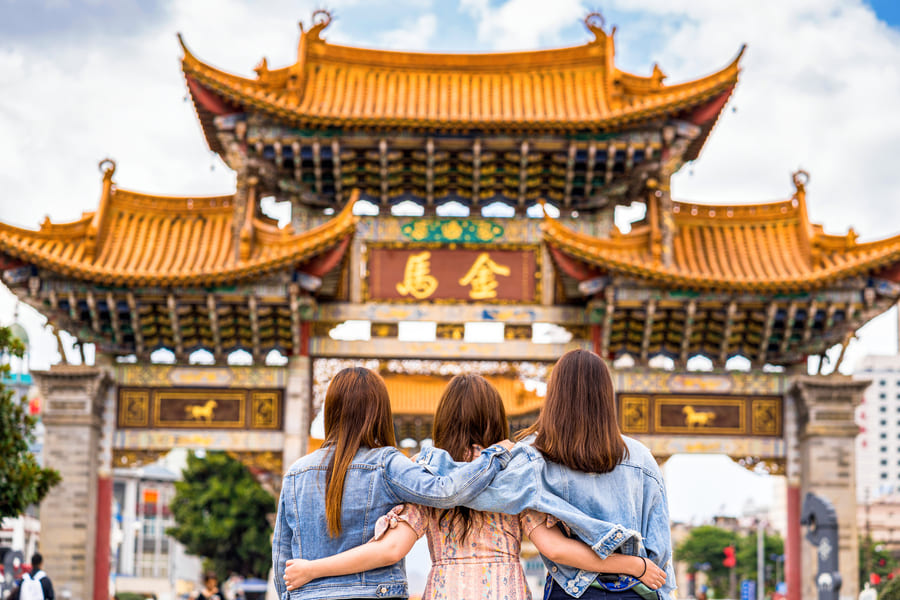 Tres jóvenes mujeres con chaquetas de mezclilla y los brazos sobre los hombros, vistas desde atrás, admirando la ornamentada puerta histórica 'Golden Horse' (Jinma Biji) en Kunming, China, con su arquitectura tradicional y un cartel con caracteres chinos.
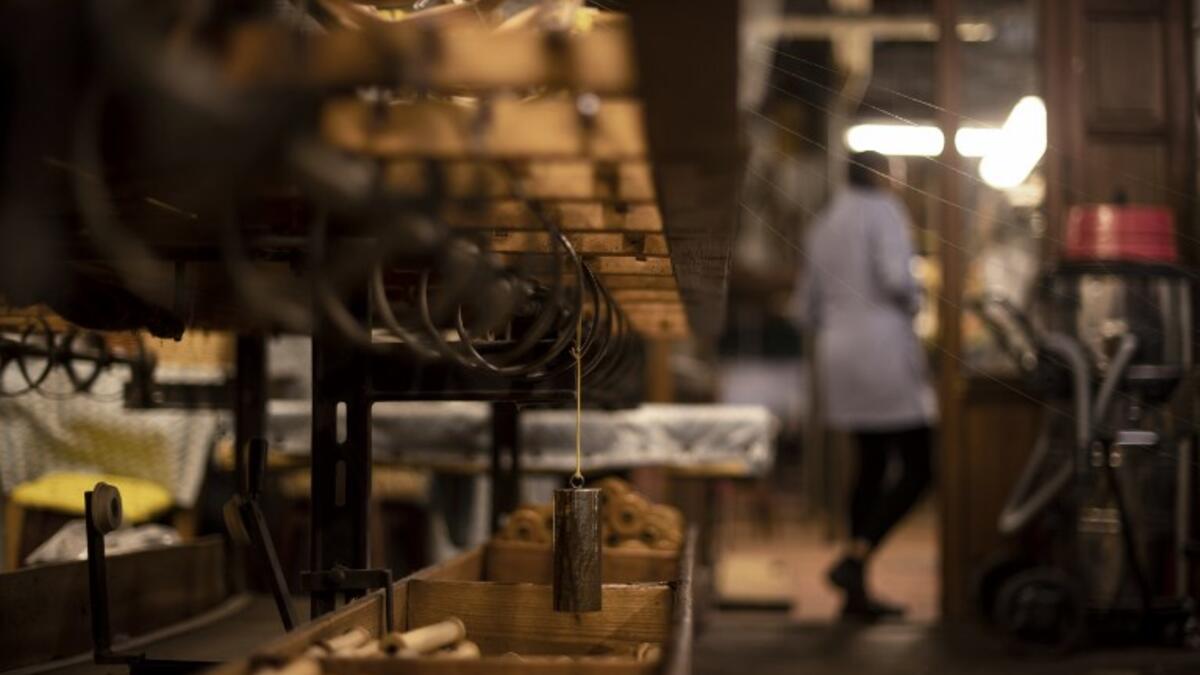 This picture shows a woman at work in the laboratory of Antico setificio Fiorentino ancient silk factory in Florence. 
Tiziana FABI / AFP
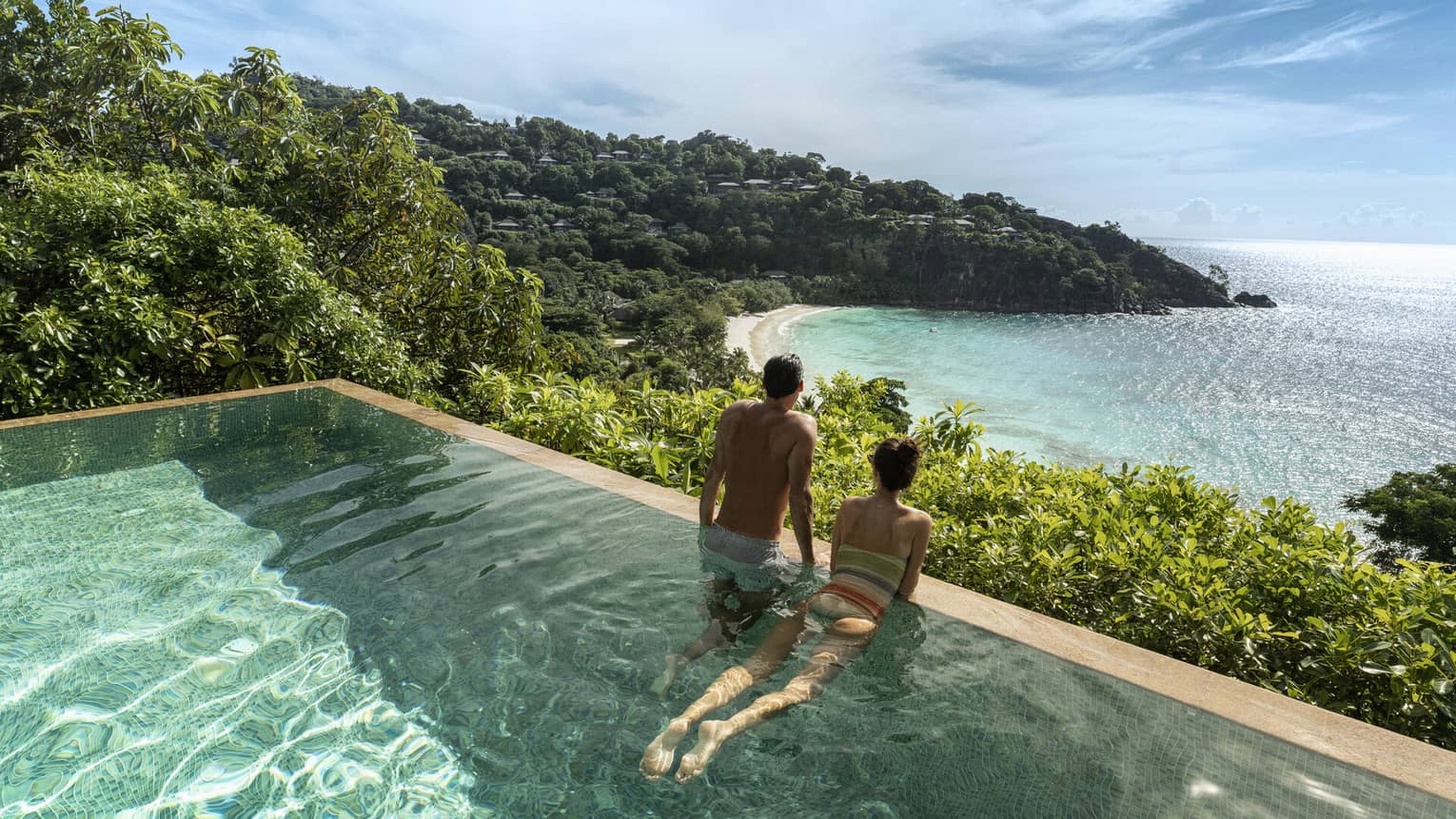 A couple looks out at a view of crystal blue waters and cliffs from an infinity pool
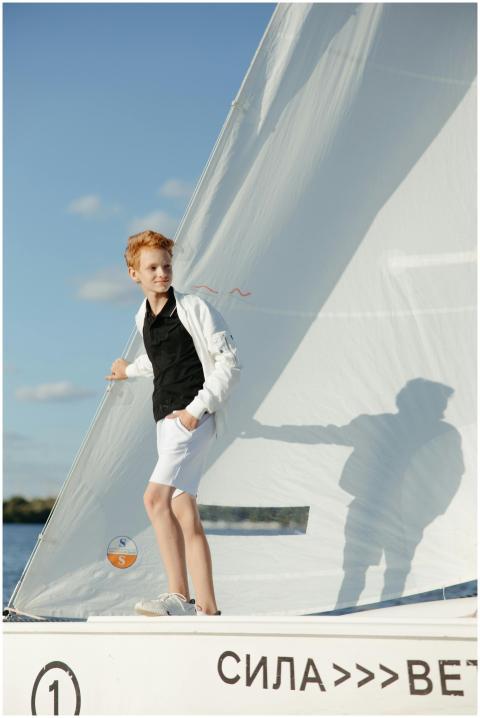 Teen boy enjoying leisure time on a sailboat, expe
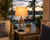 Mariner’s Knot rope table lamp L125 styled in a warm coastal interior with its sculptural knotted rope base clearly visible.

_ _ _ _ _ _ _

> DIRECTIONS
The line that contains "Teen boy enjoying" begins the part to retype, and the last line of the records above ends it. Retype both and everything between, exactly, without the pictures.

> SOLUTION
 Teen boy enjoying leisure time on a sailboat, expe
 Mariner’s Knot rope table lamp L125 styled in a warm coastal interior with its sculptural knotted rope base clearly visible.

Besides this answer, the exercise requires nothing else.